A religious consensus grounded in a myopic Southern evangelicalism isn’t sustainable, nor should it deserve to be sustained.  Young people are not inspired by the old, old story us old-timers took in with our mother’s milk.  Millennials are asking hard questions and the guardians of American Christendom have no answers.  None at all.

The only choice is to go back to the beginning.  For Christians, that means returning to the majesty of Jesus and hearing him speak to us as if for the first time.

But president Obama is right to insist that neither Christianity nor any other religion should claim special privilege in America.  We can still be “the last, best hope of earth,” but not by clinging to privilege.  Lincoln’s “last, best hope of earth” reference dovetailed with an appeal for new dreams.  “The dogmas of the quiet past,” Lincoln insisted in 1862, “are inadequate to the stormy present.”

Lincoln was right.  We live in a revolutionary time. You see it in the Muslim world, and you see it in the peculiar religious politics in our America.  The old verities and compromises cannot stand; the center will not hold. New light is needed.
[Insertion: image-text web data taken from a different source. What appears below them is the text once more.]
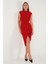 Drape ve Yırtmaç Detaylı Sıfır Yaka Kolsuz Midi Boy Elbise Bayan Elbise 611EL694 5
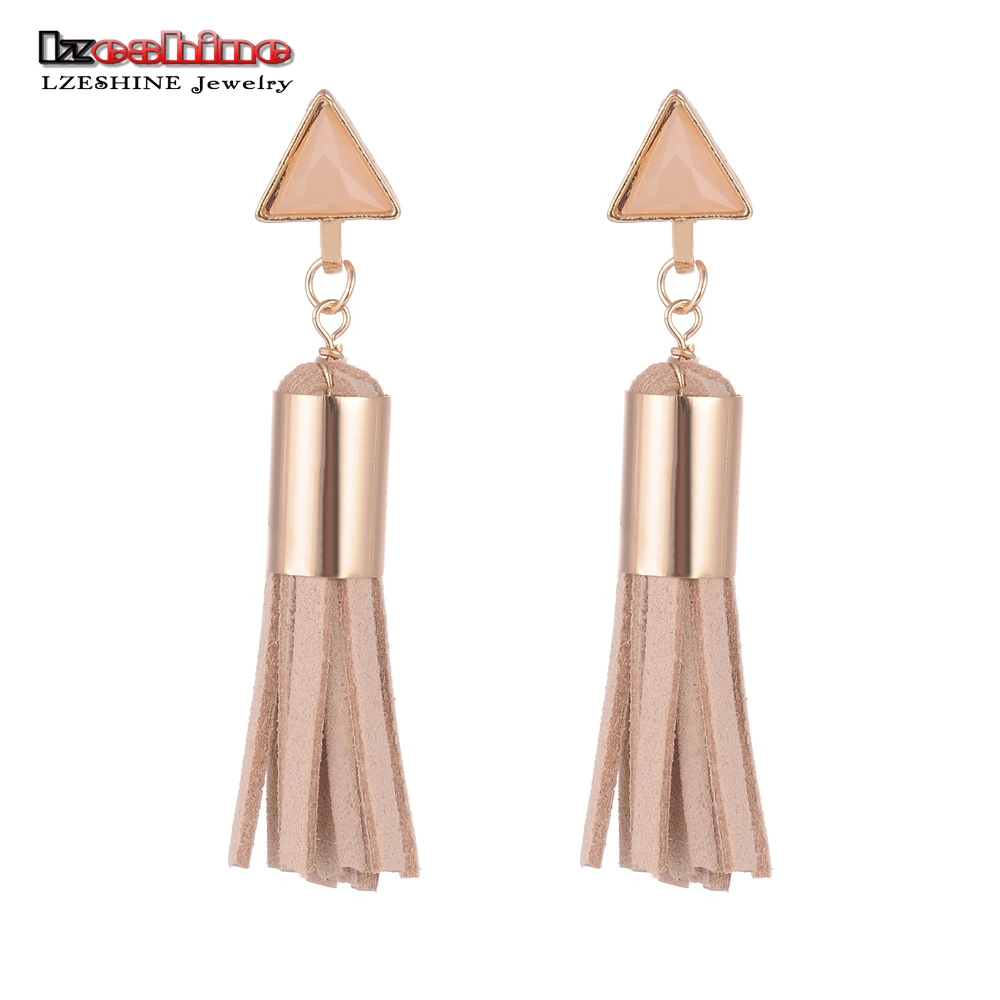 LZESHINE Fashion Bohemian Vintage Earrings Hollow Out Triangle Rhinestone Drop Long Tassel Jewelry For Women | Украшения и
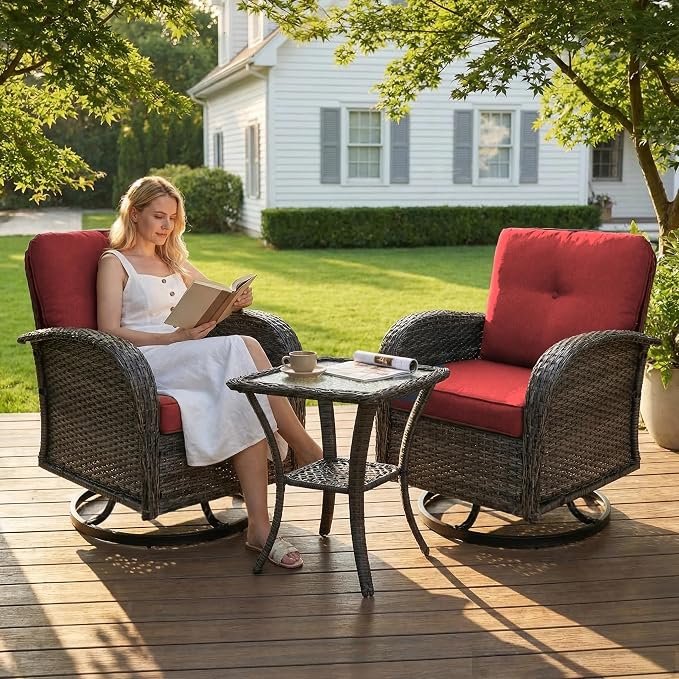 SHGJ&SOFT 3 Piece Patio Furniture Set, 2 Outdoor Swivel Rocking Chairs with Side Table, Wicker Glider Chairs, All-Weather Rattan Bistro Set for Porch, Deck, Pool (Red, Grey Full-Weave Rattan)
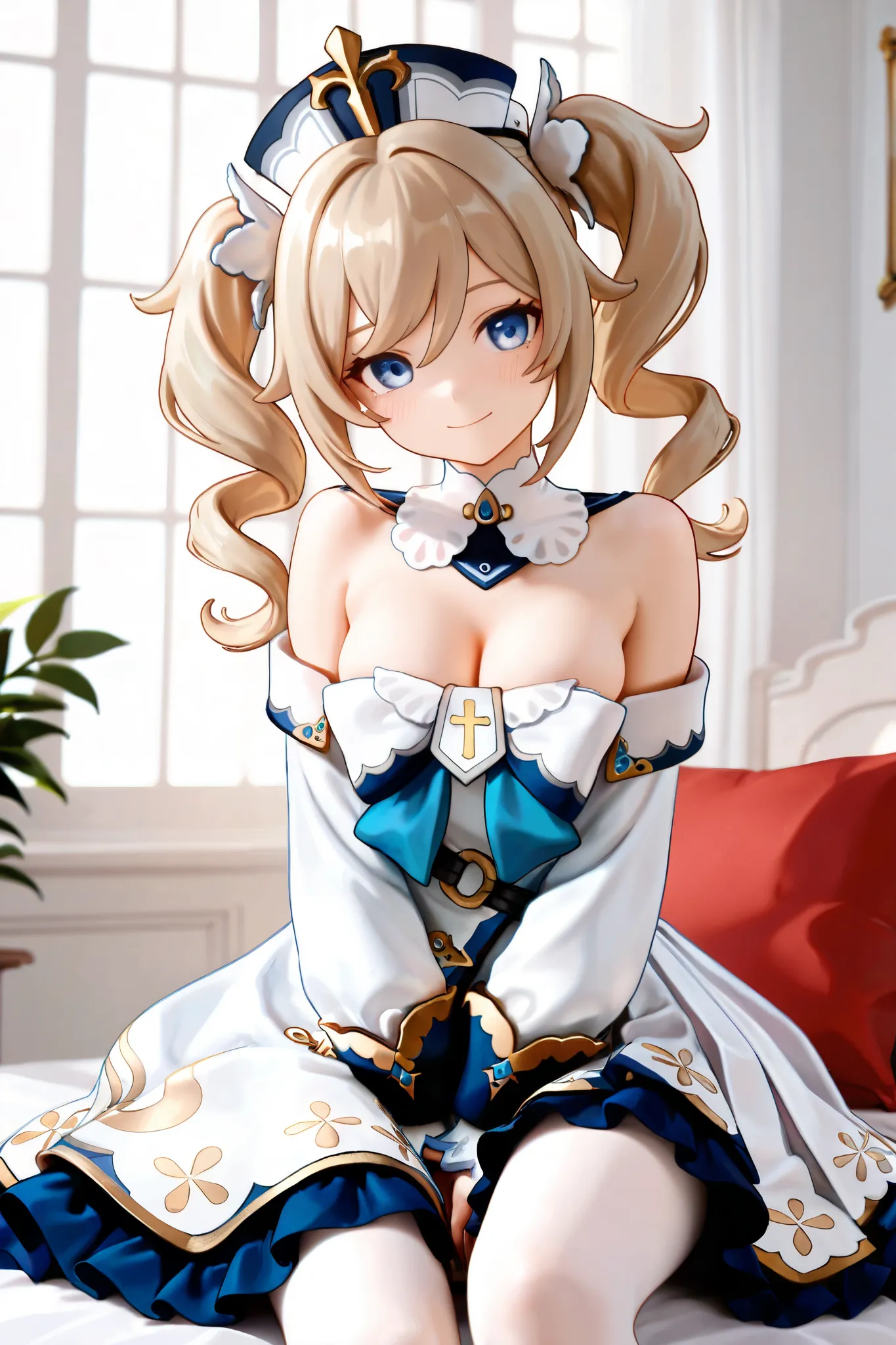 NSFW,masterpiece,top quality,high resolution,very detailed,Barbara( Genshin),twin tails、 Gold、blue eyes、long hair、drill hair、twin drill,hat、ribbon、白いhat、hair ornament、 shoulder out、Collarless、sleeveless、 Long Sleeve、white dress、white pantyhose、ruffle dress...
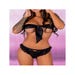 Tanga Ouvert Oksurin Dentelle Florale Noire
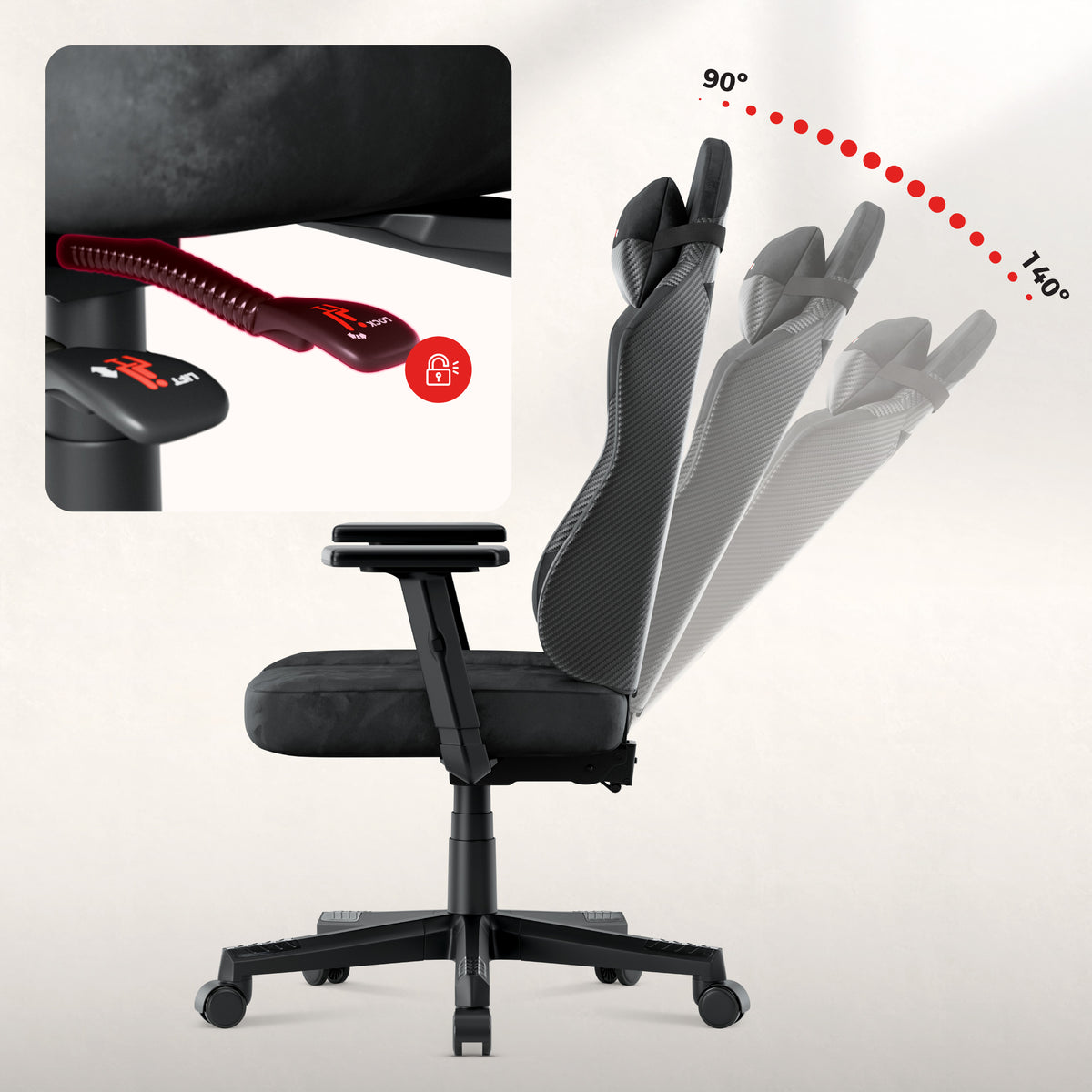 Silla gaming para adolescentes Huzaro Ranger 5.7 Carbon Black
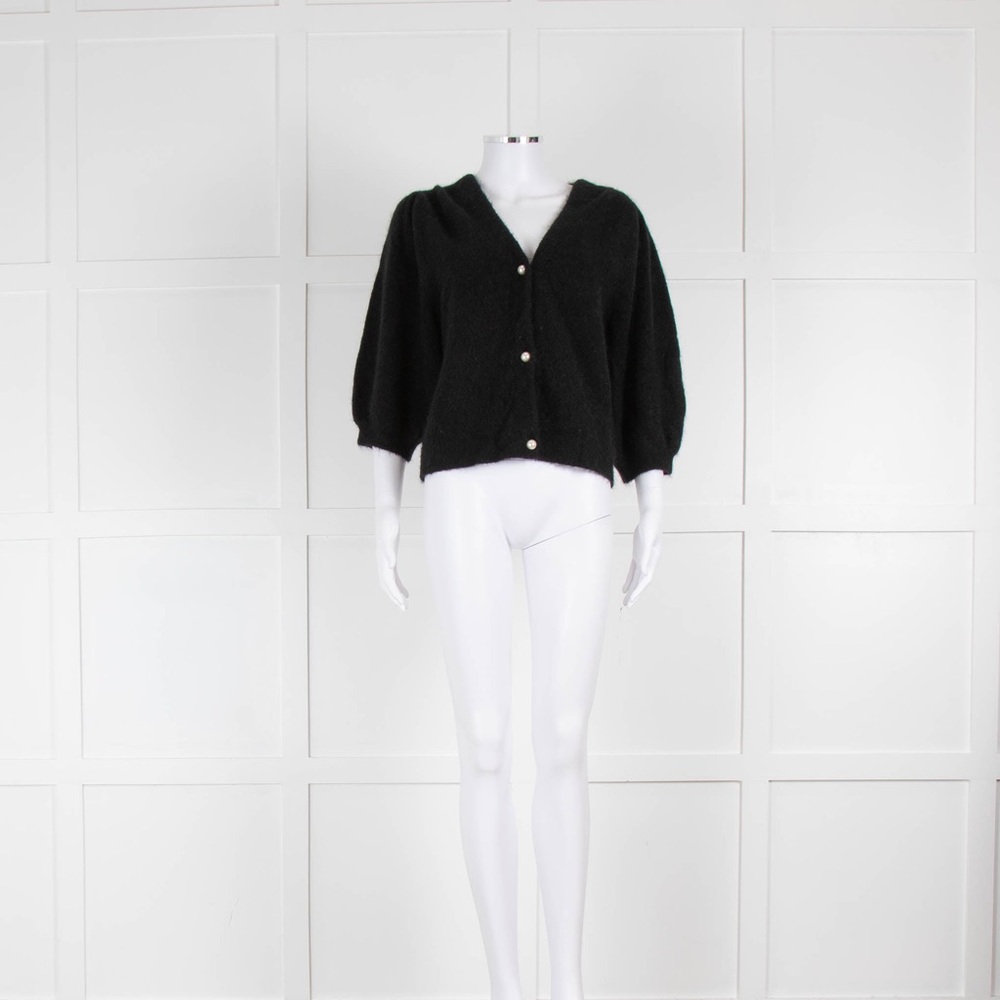 The Kooples Fuzzy Mohair 3/4 Sleeve Cardigan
This means that Christians, Muslims, Jews and representatives of all the great religions of the world must bring their wisdom to the table.  In times of religious strife secularism looks mighty tempting.  For some it may be right. We need the calm voice of reason. But excluding religious wisdom from the world of politics is neither practical nor desirable.

If we have the courage to realize that “the dogmas of the quiet past, are inadequate to the stormy present,” we might still become the last, best hope of earth.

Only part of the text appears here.